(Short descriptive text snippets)
========================================
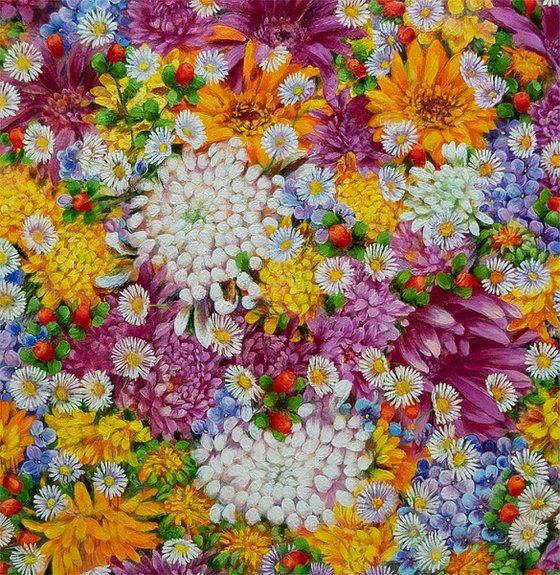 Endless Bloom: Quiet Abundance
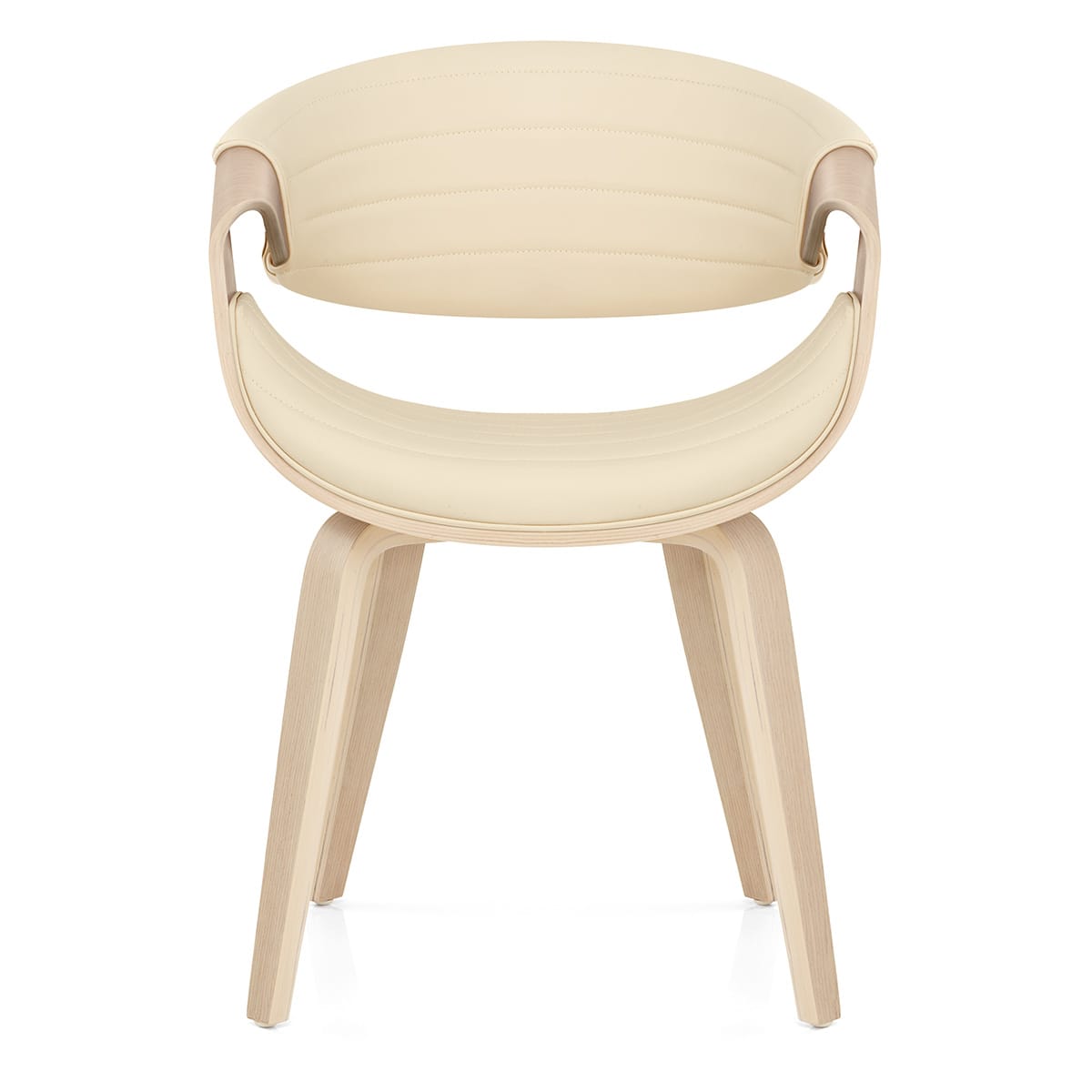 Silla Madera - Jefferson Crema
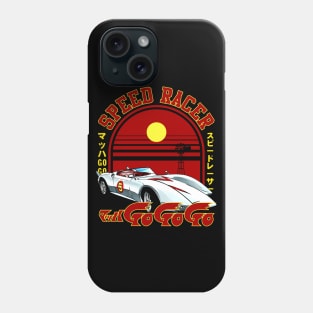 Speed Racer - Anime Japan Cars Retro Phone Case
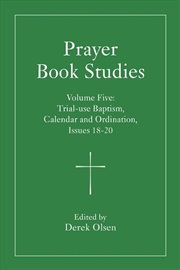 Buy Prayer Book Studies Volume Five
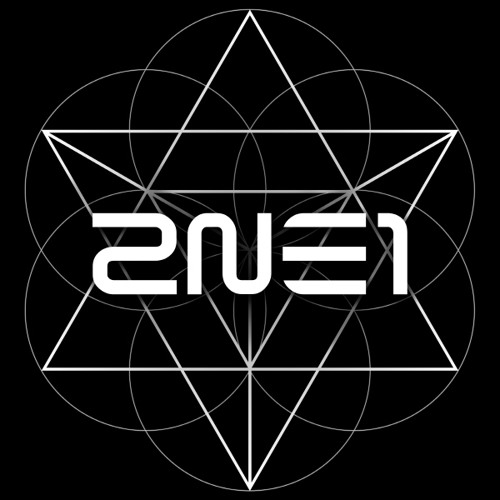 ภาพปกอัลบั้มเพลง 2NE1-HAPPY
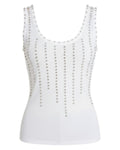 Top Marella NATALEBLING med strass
========================================
▶ **WHAT YOU WILL DO**
Write out exactly the lines from the one containing "Silla Madera - Jefferson Crema" through the end of the records above, both included, leaving all pictures out.

▶ **EXERCISE SOLUTION**
 Silla Madera - Jefferson Crema
 Speed Racer - Anime Japan Cars Retro Phone Case
 Buy Prayer Book Studies Volume Five
 ภาพปกอัลบั้มเพลง 2NE1-HAPPY
 Top Marella NATALEBLING med strass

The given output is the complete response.